The SPIEGEL article further indicated that the German authorities have known for years that the verdict was likely incorrect. Former RAF member Silke Maier-Witt told the Federal Criminal Police Office 17 years ago that Knut Folkerts was in Amsterdam on the day of the assassination.

Furthermore, Germany's domestic intelligence officials were told two decades ago that it was likely Wisniewski who fired the deadly shots. RAF member Verena Becker, the story alleges, told the Bundesverfassungsschutz two decades ago that Wisniewski had been the one on the back of the motorcycle. Becker, who was convicted in December 1977 to life in prison for six counts of attempted murder, agreed while in prison to cooperate with the German authorities. Despite her information, however, the verdicts against Klar, Sonnenberg and Folkerts were never revisited.

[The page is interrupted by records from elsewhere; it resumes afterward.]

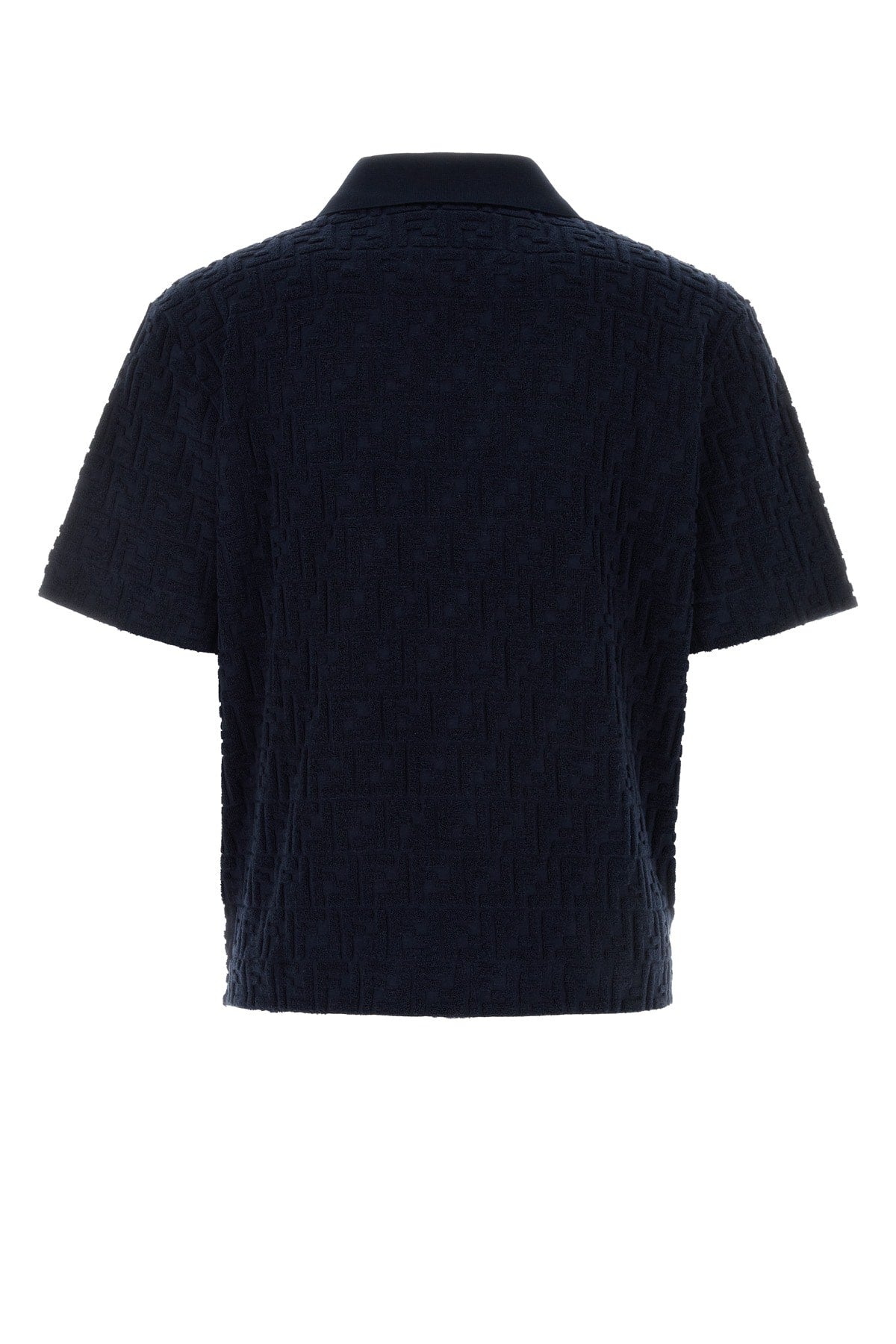 POLO_J_FF_SPONGE_FY1130ARYP_F0QB0_Image_2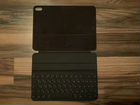 Клавиатура для iPad pro 11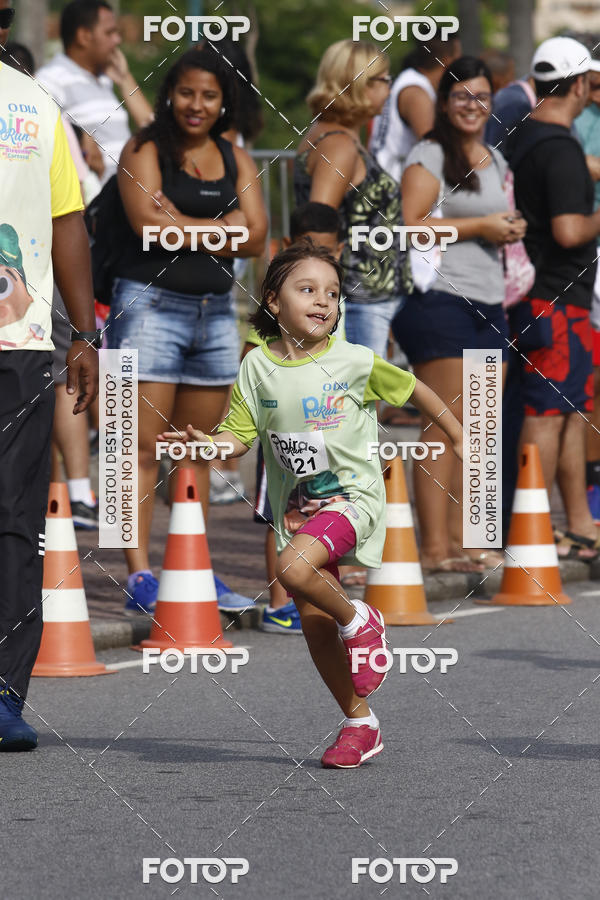 Buy your photos of the event2 Pira Run on Fotop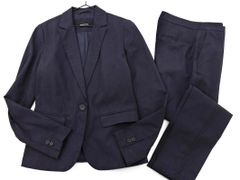 Item thumbnail for item 3958602a-b1d9-4ff9-bb7c-c7658f12f979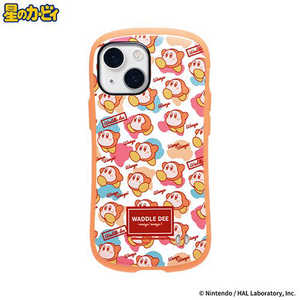 HAMEE miPhone 13 minipñJ[rB iFace First ClassP[X iFace hfBςI 41-976654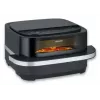 Severin FR 2464 heteluchtfriteuse, 4 l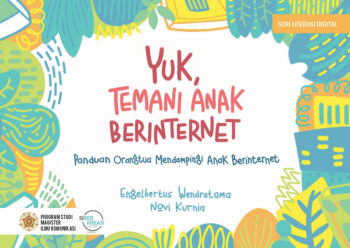 Screen Shot 2019-02-18 at 09.04.27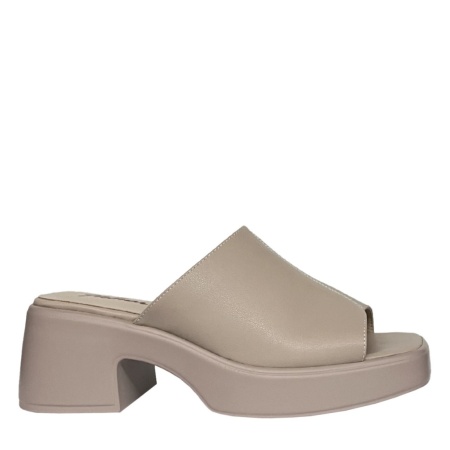 Сабо HELMAR XBW-31013-3D-SP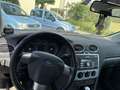 Ford Focus M1 - thumbnail 9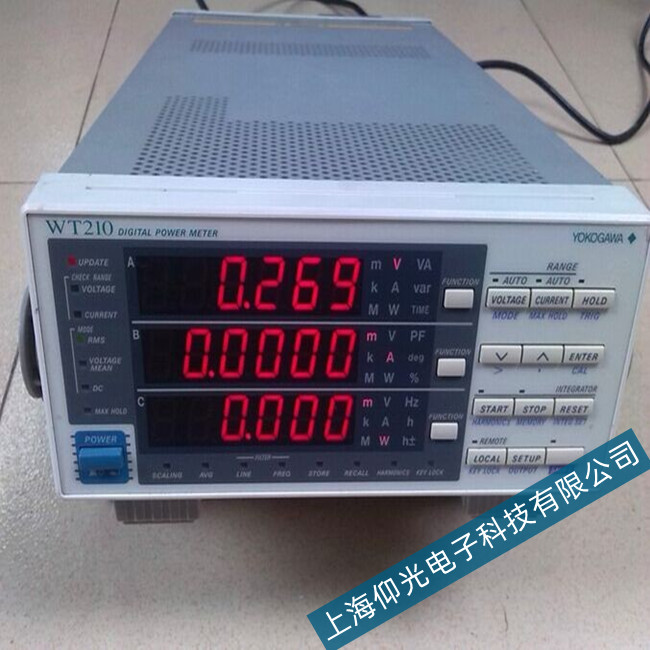 ϺӌI(y)SޙMlӋ(j)WT210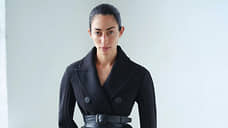 «Max Mara решила поговорить о женщинах, которые формировали культурный ландшафт»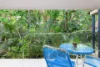 6/91-93 Davidson Street, Port Douglas QLD 4877-Image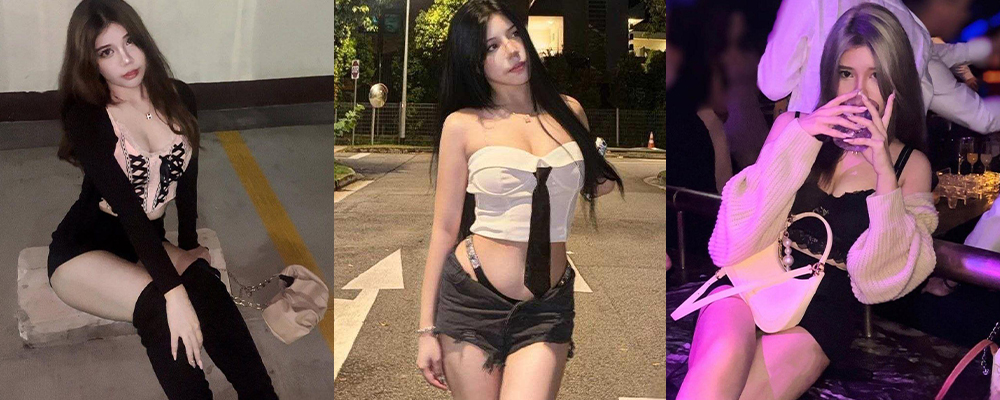 颜值爆表混血女神遭网友在线调教 抓奶抖臀表情动作妩媚至极  暴力扣穴淫荡内心彻底揭露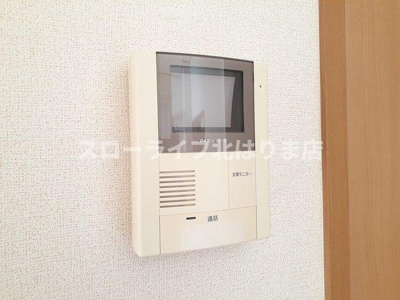 【セキュリティ】 | ヴィエルジュ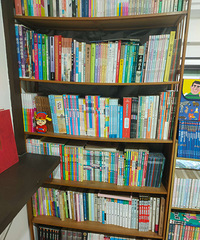 �ϰ������ᣬת���ٱ�3~12��ͯ��汾�Ϳ������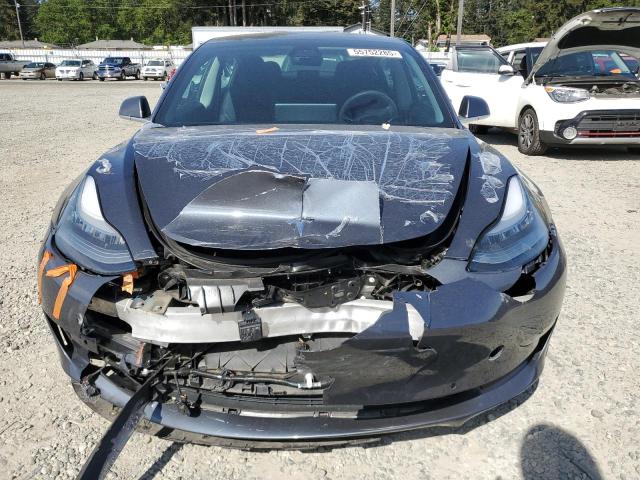 2019 TESLA MODEL 3 5YJ3E1EB2KF530490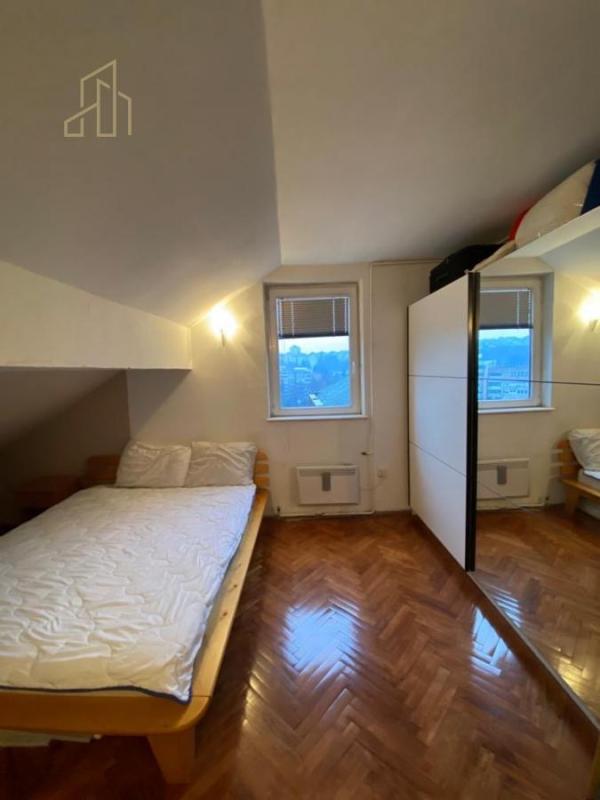 Slika 2 - Trosoban stan na prodaju, 75m2, 109.000€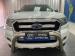 Ford Ranger 2.2TDCi double cab Hi-Rider XLT auto - Thumbnail 4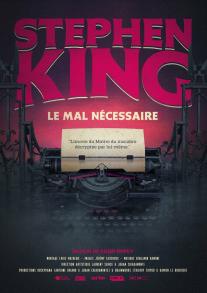 Stephen King: Le mal nécessaire
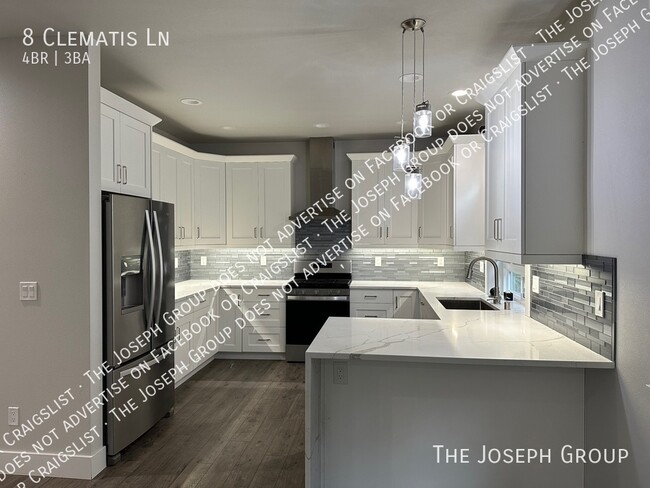 Photo - 8 Clematis Ln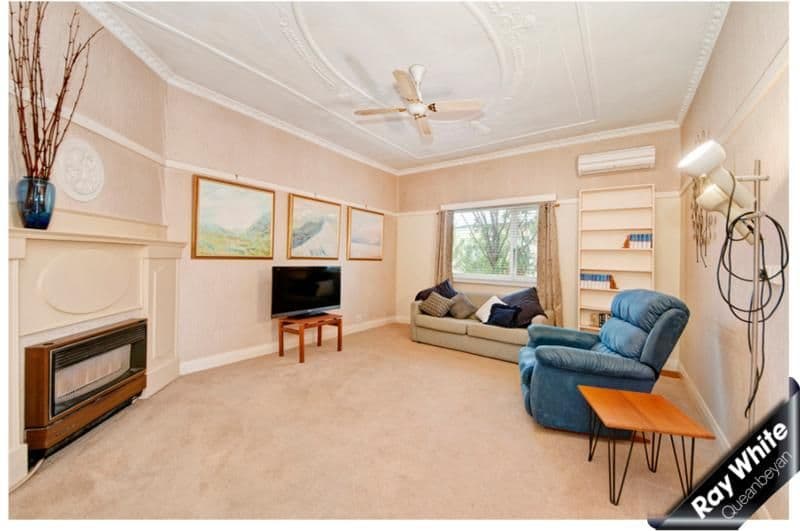 129 Stornaway Road, QUEANBEYAN NSW 2620, Queanbeyan - Thumbnail 6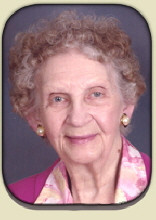 Ella D. Krenke Profile Photo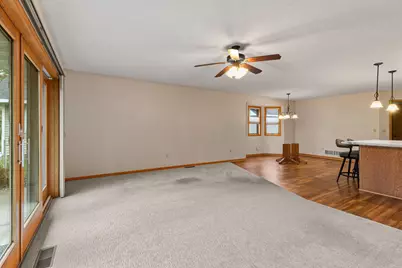 2516 Crestview Lane, Brainerd, MN 56401 - Photo 11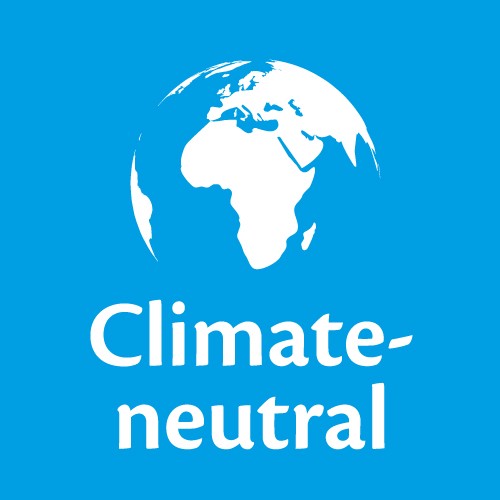 climate-neutral
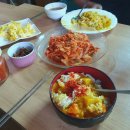 가마치통닭(신시가지점) 이미지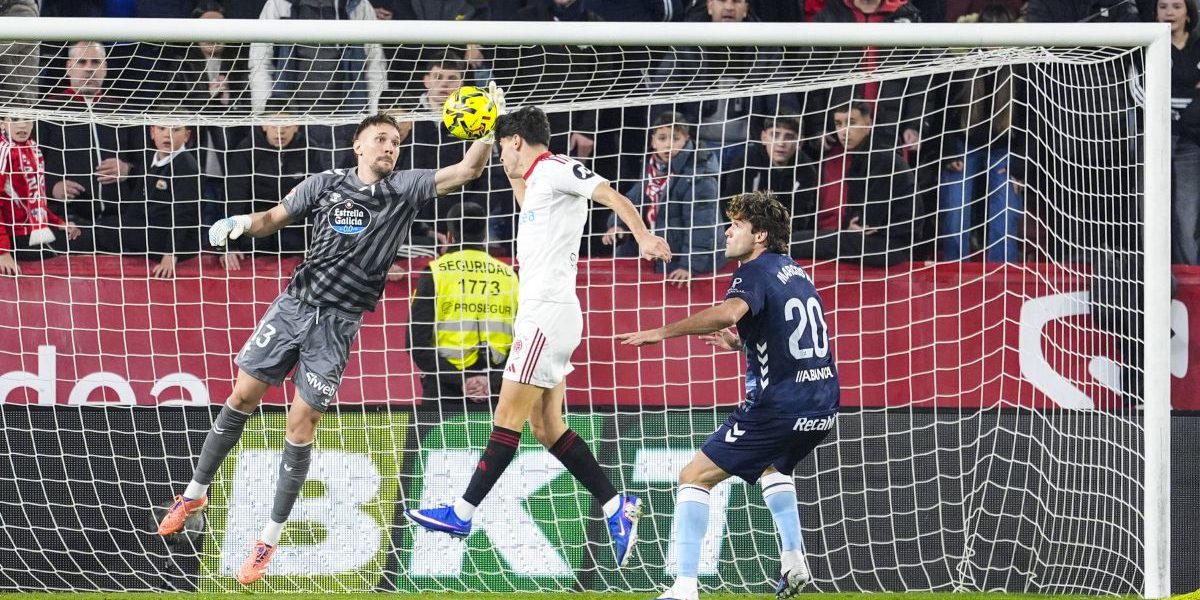 28b347f1-d31f-4a4a-b141-d57f416d2811.jpg - ReactMedia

The latest developments in the decades-old RAF saga has ripped open wounds in German society that had only just begun to heal. The group, founded by Andreas Baader and Ulrike Meinhof among others in 1970, was the radical, violent extension of Germany's "1968 Generation." It was a time in German post-war history when an entire generation born after World War II began questioning their parents as to what exactly their involvement with the Nazis had been. It was partially as a result of the "68ers" that the country began facing up to its violent past.

A gun, a screwdriver and a hair

But while many from that generation went on to become successful left and center-left politicians, others stepped over the line into violence. The RAF ultimately was responsible for the deaths of 34 people, including a number of bodyguards and drivers. During the kidnapping of Hanns-Martin Schleyer, for example, four of his companions died in a hail of bullets. Other RAF operations included the assassination of Dresdner Bank head Jürgen Ponto in 1977, the murders of Siemens manager Karl Heinz Beckurt and diplomat Gerold von Braunmühl in 1986, and the murder in 1991 of Detlev Karsten Rohwedder, head of the agency responsible for privatizing East German state-owned enterprises. The group announced its dissolution in 1998.

Amid the numerous calls by politicians for clarity in the Buback case and massive media attention on Monday, the Süddeutsche Zeitung has also published its own version of the Karlsruhe assassination. According to the Munich daily, there are no indications whatsoever that Wisniewski took part in the murder of Buback. According to the evidence collected prior to the 1981 trial, there is no evidence that Wisniewski was in the three apartments the RAF had rented in Karlsruhe.

Evidence against Verena Becker, who pointed the finger at Wisniewski, is plentiful, however. The murder weapon was found in her possession as was a screwdriver belonging to the motorcycle's tool set. One of her hairs was likewise found in one of the helmets worn during the attack.

Klar, for his part, has continued to refuse cooperation with the authorities, preferring to remain true to his RAF creed of maintaining silence about the group's activities. None of the others involved in Buback's murder, including the recently freed Brigitte Mohnhaupt, have seen fit to disclose what they know.